Short text fragments from websites
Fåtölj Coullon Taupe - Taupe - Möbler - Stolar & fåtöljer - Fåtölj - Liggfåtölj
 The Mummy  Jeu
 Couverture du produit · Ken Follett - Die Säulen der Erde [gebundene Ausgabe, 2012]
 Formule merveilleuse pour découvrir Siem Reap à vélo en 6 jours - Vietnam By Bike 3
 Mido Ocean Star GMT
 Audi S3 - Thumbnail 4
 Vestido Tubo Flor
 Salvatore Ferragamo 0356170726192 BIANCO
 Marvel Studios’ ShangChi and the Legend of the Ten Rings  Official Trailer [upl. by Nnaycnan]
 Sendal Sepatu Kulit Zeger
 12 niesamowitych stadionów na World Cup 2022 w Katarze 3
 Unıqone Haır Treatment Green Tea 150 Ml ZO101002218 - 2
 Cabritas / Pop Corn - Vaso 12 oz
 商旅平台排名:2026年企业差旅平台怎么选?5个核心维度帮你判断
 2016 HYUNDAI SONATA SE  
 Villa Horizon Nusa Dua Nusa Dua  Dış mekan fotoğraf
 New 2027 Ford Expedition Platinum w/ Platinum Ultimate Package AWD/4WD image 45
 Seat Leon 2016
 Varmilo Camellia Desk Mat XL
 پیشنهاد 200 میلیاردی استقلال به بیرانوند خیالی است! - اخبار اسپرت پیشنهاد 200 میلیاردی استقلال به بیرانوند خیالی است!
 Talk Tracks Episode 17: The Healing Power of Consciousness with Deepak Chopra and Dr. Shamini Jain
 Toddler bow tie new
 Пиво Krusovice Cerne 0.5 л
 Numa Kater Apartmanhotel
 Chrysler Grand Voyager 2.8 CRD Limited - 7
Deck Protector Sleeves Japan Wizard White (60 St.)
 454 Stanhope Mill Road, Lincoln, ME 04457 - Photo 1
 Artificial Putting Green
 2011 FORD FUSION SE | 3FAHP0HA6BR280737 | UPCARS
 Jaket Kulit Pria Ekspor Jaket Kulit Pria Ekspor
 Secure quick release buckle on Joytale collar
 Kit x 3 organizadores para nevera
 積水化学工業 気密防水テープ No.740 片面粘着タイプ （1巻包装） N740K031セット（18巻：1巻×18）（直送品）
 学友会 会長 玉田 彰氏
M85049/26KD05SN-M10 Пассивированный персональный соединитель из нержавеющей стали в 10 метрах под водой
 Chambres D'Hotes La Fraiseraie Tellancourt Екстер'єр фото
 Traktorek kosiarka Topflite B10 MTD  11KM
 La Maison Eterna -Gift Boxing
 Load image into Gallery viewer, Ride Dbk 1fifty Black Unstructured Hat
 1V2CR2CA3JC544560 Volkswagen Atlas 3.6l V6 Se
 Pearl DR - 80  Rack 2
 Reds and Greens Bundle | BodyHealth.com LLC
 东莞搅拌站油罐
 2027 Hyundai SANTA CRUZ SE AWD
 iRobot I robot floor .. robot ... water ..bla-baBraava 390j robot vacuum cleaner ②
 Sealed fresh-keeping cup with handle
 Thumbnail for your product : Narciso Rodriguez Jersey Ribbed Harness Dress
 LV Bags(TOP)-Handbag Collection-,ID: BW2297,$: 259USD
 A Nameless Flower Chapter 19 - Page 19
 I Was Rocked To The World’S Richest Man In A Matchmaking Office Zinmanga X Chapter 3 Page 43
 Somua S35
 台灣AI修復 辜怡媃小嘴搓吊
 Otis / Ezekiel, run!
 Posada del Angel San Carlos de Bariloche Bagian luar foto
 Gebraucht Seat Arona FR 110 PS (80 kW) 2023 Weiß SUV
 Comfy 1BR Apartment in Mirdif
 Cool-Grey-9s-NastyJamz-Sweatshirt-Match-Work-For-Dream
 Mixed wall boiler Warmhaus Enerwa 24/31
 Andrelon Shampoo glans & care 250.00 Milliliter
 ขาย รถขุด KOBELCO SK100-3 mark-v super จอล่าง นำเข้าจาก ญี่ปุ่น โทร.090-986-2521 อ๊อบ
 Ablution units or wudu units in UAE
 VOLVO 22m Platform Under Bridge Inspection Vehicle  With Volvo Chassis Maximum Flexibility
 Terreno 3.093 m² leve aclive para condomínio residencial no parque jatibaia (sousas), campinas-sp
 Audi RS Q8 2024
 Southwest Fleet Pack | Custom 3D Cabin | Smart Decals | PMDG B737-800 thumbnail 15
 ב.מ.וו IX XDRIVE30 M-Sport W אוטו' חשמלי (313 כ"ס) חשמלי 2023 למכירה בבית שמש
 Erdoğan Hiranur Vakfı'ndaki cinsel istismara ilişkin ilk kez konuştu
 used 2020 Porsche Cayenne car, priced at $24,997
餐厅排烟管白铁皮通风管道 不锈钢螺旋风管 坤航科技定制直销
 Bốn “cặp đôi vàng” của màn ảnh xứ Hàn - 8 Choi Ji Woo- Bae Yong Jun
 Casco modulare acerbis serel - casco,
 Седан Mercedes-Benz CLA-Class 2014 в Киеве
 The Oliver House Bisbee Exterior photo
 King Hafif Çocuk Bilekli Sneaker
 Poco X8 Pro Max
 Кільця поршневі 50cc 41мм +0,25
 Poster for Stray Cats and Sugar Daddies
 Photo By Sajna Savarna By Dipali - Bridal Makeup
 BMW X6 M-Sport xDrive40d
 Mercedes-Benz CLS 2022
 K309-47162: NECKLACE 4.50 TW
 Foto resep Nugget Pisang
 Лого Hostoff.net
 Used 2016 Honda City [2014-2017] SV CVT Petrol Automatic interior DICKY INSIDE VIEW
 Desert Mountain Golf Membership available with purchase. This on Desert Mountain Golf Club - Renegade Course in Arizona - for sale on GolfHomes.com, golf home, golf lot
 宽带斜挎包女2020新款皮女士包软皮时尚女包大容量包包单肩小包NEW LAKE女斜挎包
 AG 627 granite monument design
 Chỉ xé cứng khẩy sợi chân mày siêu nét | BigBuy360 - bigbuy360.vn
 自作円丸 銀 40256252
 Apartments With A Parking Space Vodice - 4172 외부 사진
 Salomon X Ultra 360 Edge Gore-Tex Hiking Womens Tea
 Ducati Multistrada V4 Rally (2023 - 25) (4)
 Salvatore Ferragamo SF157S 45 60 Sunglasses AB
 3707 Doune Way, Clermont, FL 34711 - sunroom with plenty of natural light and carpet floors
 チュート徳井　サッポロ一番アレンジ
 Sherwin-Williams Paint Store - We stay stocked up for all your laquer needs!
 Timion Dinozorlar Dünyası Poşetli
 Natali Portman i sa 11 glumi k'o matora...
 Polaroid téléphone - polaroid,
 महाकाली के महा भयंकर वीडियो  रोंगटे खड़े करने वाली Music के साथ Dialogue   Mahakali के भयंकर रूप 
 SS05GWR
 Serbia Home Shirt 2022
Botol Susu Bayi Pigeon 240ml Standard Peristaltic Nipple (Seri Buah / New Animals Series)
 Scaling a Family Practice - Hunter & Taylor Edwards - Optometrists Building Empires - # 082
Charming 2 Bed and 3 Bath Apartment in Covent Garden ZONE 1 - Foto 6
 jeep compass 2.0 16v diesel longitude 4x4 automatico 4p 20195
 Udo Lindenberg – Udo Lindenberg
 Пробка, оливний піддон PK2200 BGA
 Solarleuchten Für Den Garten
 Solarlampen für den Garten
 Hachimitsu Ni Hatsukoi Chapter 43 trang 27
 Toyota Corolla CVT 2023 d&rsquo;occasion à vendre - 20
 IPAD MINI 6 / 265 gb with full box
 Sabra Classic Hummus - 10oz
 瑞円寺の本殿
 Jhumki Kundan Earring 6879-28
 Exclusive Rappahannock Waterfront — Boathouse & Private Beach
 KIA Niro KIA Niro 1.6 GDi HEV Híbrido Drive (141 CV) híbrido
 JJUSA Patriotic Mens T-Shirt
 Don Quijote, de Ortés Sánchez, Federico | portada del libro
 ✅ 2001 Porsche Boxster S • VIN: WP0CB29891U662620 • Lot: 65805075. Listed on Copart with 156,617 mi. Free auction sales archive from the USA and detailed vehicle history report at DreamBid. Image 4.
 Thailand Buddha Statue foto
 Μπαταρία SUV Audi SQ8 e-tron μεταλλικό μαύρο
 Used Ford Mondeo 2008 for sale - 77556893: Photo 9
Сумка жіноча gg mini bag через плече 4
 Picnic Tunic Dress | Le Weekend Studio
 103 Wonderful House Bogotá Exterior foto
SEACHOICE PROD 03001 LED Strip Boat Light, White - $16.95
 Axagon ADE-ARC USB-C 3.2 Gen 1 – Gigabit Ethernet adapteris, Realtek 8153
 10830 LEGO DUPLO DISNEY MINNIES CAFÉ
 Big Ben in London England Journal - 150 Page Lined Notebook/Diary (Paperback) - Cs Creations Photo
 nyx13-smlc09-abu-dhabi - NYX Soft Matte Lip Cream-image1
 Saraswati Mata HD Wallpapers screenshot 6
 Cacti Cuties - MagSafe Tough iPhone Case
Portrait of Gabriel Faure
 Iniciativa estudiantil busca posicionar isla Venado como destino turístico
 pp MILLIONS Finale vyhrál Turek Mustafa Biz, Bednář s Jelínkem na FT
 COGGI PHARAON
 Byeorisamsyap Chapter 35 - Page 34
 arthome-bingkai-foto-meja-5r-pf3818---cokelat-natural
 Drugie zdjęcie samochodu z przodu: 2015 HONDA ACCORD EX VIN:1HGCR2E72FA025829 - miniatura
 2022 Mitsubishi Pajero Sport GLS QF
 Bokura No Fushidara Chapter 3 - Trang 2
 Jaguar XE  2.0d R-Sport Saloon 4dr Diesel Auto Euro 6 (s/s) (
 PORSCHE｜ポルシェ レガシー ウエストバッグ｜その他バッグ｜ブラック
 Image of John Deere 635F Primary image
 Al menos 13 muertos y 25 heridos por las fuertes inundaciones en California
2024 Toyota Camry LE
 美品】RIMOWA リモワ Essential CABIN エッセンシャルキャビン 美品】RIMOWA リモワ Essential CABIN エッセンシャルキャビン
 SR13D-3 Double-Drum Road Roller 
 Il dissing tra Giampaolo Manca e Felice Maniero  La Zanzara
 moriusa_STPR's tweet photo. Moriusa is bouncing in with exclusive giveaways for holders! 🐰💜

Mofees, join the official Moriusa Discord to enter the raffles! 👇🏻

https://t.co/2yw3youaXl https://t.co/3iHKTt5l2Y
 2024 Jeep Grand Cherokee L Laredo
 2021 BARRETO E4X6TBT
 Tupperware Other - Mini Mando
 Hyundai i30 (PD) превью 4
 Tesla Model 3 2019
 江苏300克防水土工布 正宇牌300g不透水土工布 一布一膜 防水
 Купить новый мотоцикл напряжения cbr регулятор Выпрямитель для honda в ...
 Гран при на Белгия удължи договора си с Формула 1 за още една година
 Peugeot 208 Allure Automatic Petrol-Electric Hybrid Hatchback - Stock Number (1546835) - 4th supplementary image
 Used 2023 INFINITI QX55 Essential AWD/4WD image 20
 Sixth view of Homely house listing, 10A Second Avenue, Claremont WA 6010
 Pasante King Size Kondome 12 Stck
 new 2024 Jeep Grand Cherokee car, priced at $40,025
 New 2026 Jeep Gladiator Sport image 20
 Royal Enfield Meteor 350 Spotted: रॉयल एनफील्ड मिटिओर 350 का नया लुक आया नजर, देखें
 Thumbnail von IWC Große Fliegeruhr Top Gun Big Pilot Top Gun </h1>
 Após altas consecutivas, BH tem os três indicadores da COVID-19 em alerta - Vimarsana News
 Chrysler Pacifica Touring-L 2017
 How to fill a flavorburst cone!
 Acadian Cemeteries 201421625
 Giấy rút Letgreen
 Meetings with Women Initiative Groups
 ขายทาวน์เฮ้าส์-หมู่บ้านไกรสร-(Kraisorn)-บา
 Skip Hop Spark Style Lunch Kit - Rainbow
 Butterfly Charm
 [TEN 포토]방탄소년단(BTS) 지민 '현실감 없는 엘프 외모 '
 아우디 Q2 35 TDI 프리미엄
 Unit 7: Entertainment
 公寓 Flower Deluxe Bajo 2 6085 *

● **What you should do**
All lines of the entries containing the string "White" must be shown in full.

● **Written response**
Deck Protector Sleeves Japan Wizard White (60 St.)
SEACHOICE PROD 03001 LED Strip Boat Light, White - $16.95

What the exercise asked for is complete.